On Monday, Graham continued his effort to hold the surviving suspect of the Boston Marathon bombing as an enemy combatant.
Sen. Lindsey Graham continued his push to hold the surviving Boston Marathon bombing suspect as an enemy combatant Monday afternoon, even after the Justice Department unveiled federal criminal charges.
The suspect “will not be treated as an enemy combatant,” according to White House Press Secretary Jay Carney.
The latest campaign by the South Carolina Republican to have an individual associated with terrorism held as an enemy combatant began on Twitter the afternoon of April 19, in the midst of the massive manhunt for Dzhokhar A. Tsarnaev.

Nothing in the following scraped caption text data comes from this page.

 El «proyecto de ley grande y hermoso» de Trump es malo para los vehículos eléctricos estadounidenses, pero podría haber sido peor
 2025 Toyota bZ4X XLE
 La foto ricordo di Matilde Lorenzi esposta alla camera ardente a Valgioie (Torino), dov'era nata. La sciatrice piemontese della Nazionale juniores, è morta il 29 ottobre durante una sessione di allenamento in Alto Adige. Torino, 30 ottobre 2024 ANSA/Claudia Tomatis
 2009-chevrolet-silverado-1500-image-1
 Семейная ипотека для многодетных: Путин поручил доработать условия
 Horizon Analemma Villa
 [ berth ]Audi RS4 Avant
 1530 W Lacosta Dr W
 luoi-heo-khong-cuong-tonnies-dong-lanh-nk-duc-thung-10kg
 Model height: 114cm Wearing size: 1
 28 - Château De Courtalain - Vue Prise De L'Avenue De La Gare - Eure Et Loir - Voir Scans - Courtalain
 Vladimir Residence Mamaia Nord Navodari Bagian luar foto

Since then, Graham has led an effort with several other Republicans to push against offering Miranda rights and a guarantee of counsel to Tsarnaev, who reportedly became an American citizen last year.
“We should be focused on gathering intelligence from this suspect right now that can help our nation understand how this attack occurred and what may follow in the future. That should be our focus, not a future domestic criminal trial that may take years to complete,” Graham said in an April 20 joint statement with his GOP kindred spirits Kelly Ayotte of New Hampshire and John McCain of Arizona, with a guest appearance by Rep. Peter T. King, R-N.Y.
Graham has made repeated TV and radio appearances since April 19 to get attention for his point of view, although the Justice Department is clearly taking a different course, announcing that it had filed criminal charges Monday in U.S. District Court in Boston.
“We hope that this prosecution will bring some small measure of comfort both to the public at large and to the victims and their families that justice will be served,” U.S. Attorney Carmen Ortiz said in a statement. “While we will not be able to comment on any possible communications between the suspect and law enforcement at this time, as a general rule, the government will always seek to elicit all the actionable intelligence and information we can from terrorist suspects taken into our custody.”
Graham said that he was well aware that information obtained during an interrogation outside the traditional criminal justice process would not permit statements to be admissible in a civilian court, but he said that the evidence in place is so substantial that a “first year law student” could secure a conviction in this case.
“It is imperative that we have time with this suspect, not to prove his guilt or innocence — there’s ample evidence of that — but to gather intelligence as to what he may know about terrorist organizations” or other individuals who may be plotting attacks on the United States, Graham told reporters.